Salonu dolduran yüzlerce insan bir anda sahne önüne akın etmeye çalışıyor, zor ayırıyorlar. Hiç kimseyi kırmıyor, incitmiyor, kaşını bir kere bile düşürmüyor. Gelen fotoğraf çektiriyor, giden kucaklayıp gidiyor, hep içtenlikle gülümsüyor. Sunucu güç bela “Konserimiz devam ediyor” diye nezaketle araya giriyor. Kaldığı yerden devam ediyor.
Kısacık saçlı Zeynep beliriyor orkestranın ardında, yakışıklı çapkın bekâr Harun’u (Cüneyt Arkın) otel odasında izliyor. Babasına özenip dedektifçilik oynarken bir anda âşık oluveriyor. Cüneyt Arkın, Münir Özkul ve Cevat Kurtuluş’la oynadığı Arım Balım Peteğim sahnede. Sonrası Devlerin Aşkı, Dönüş, Dila Hanım, Selvi Boylum Al Yazmalım, Bodrum Hâkimi, Yılanı Öldürseler ve nicesi. Orkestra özellikle yine bir Cahit Berkay eseri olan Dila Hanım’da devleşiyor.
Ama birinde, daha ilk notada salonda cümbür cemaat bir kahkaha kopuyor, aynı anda ayağa kalkılıyor, alkışlar yükseliyor. Tabii ki nedeni Sultan filmi… Cümbür cemaatliğin kaynağı, filmin hafızalarda yer edinen coşkusundan belli.
“Ay…” sesleri iç çekişlere, gülüşmelere karışıyor.

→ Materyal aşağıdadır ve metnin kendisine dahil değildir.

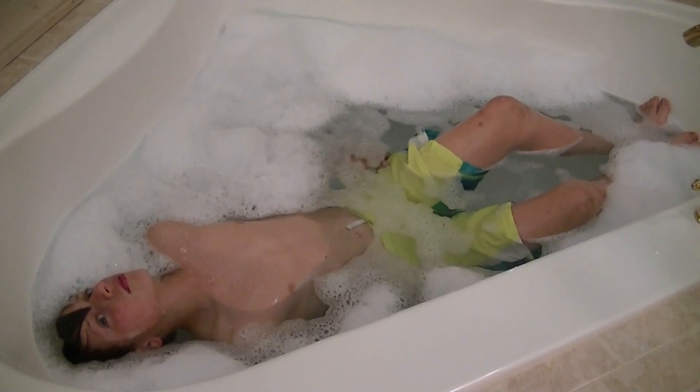The goal is for them to be able to back float for 10 seconds independently by themselves. This is a great thing that you can practice at home so that you can prepare better for your swim lessons.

Önce hüzünlü başlar Sultan’ın müziği, sonra karşıdan koşarak gelen Adile Naşit gibi şenlendirir ortalığı. Salondakiler de öyle oluyor. Sultan, Türkân Şoray’ın oyunculuğuyla büyülediği kadar, senaryosu ve hikâyesiyle de politik olarak muazzam bir film. Gecekondu mahallesinden zengin evlerine temizliğe giden Sultan’la, Hüdai’sinden Enayi’sine kadar yoksulluğu, mücadeleyi, sınıf kinini ve kibrini kusursuz anlatan “Dultan Hanım.”
Sonra balıkçılar güzeli Azize ve Şopen Kenan’ın (Kadir İnanır) dupduru aşkı Kara Gözlüm. Arkada, “O açılacaaak, sennn kapağacaksın” diyen Madam Sülfik (Mürüvvet Sim), ardından Yengeç Rıza (Rıza Tüzün), Arnavut Osman (Aziz Basmacı)…
Sonra ışıklar bir kez daha kapanıp açılıyor ve Türkân Şoray son kez sahneye çıkıyor. Elleri, kuş gibi bir o yana bir bu yana konuyor. Heyecandan dudakları kuruyor, utanıp su içemiyor. Ömrünün yarısından fazlasını şöhretle, nesillerce hayrana sahip olarak geçirmiş bir kadın, sanki dün ilk filmini çevirmiş de bir gecede seyircinin karşısına geçmiş gibi heyecanla narin bir kuşa dönüyor. Ve her yengeç kadını gibi anıları olmadan şuradan şuraya adım atmıyor:
“O sinema yolculuğunu hatırladım, kaybettiklerimizi gördüm. Ne kadar çok değer kaybetmişiz sinemada... Muhteşemdi her şey...”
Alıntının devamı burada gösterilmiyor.